Question

If a = 2, b = =2, find the value of ${{a}^{2}}+{{b}^{2}}$ .

Answer 1

Hint: The given problem is related to the square of a number. The square of a number is defined as the product of a number with itself.

Complete step by step answer:
Before proceeding with the solution, we must understand the concept of the square of a number. The square of a number is defined as the product of a number with itself. The square of a number is always positive. Except for 1 and 0, the square of a number can never be equal to the number itself. In case of 1 and 0, the square is equal to the number, i.e. ${{1}^{2}}=1$ and ${{0}^{2}}=0$ . Now, in the given question, we are given the values of a and b as 2 and -2 respectively. We are asked to find the value of ${{a}^{2}}+{{b}^{2}}$ . First, we will find
 the value of ${{a}^{2}}$ . We know, the square of a number is the product of the number with itself. So, ${{a}^{2}}=a\times a$ . We are given a = 2. So, ${{a}^{2}}=2\times 2=4$ . Now, we will find the value of ${{b}^{2}}$ . By the definition of square of a number, we can say that the value of ${{b}^{2}}$ is equal to $b\times b$ . So, ${{b}^{2}}=\left( -2 \right)\times \left( -2 \right)=4$ . Now, we will calculate the value of ${{a}^{2}}+{{b}^{2}}$. The value of ${{a}^{2}}+{{b}^{2}}$ is equal to 4 + 4 = 8. So, ${{a}^{2}}+{{b}^{2}}$ = 8.

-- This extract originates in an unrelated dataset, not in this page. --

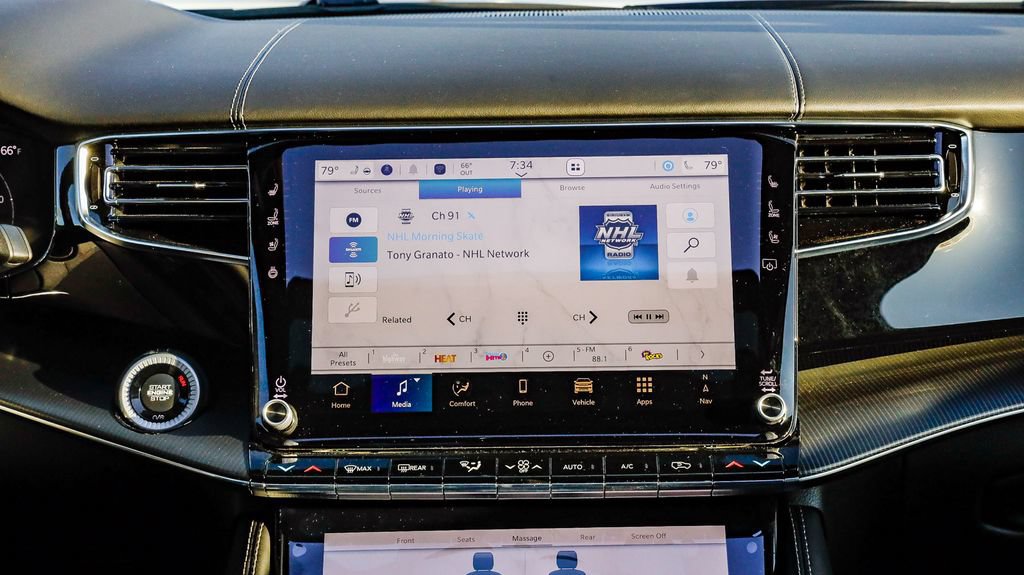 New 2026 Jeep Grand Wagoneer L Summit w/ Premium Group III AWD/4WD image 16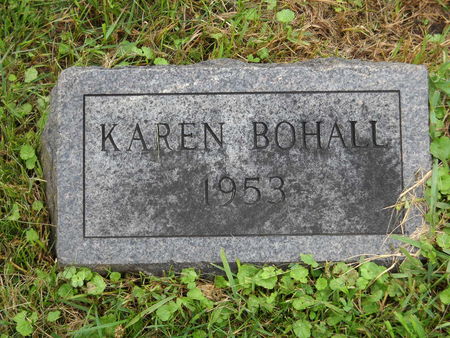 BOHALL, KAREN - Polk County, Iowa | KAREN BOHALL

Note: Alternate Solution: We can solve the given problem using algebraic identities. We know, ${{\left( a-b \right)}^{2}}={{a}^{2}}+{{b}^{2}}-2ab$ . So, we can say ${{a}^{2}}+{{b}^{2}}={{\left( a-b \right)}^{2}}+2ab$ . On substituting a= 2 and b = -2 in the right-hand side of the equation, we get ${{a}^{2}}+{{b}^{2}}={{\left( 2-\left( -2 \right) \right)}^{2}}+\left( 2\times 2\times \left( -2 \right) \right)$ .
$\Rightarrow {{a}^{2}}+{{b}^{2}}={{\left( 4 \right)}^{2}}-8$
$\Rightarrow {{a}^{2}}+{{b}^{2}}=16-8=8$
Hence, the value of ${{a}^{2}}+{{b}^{2}}$ , when a = 2, and b = -2, is equal to 8.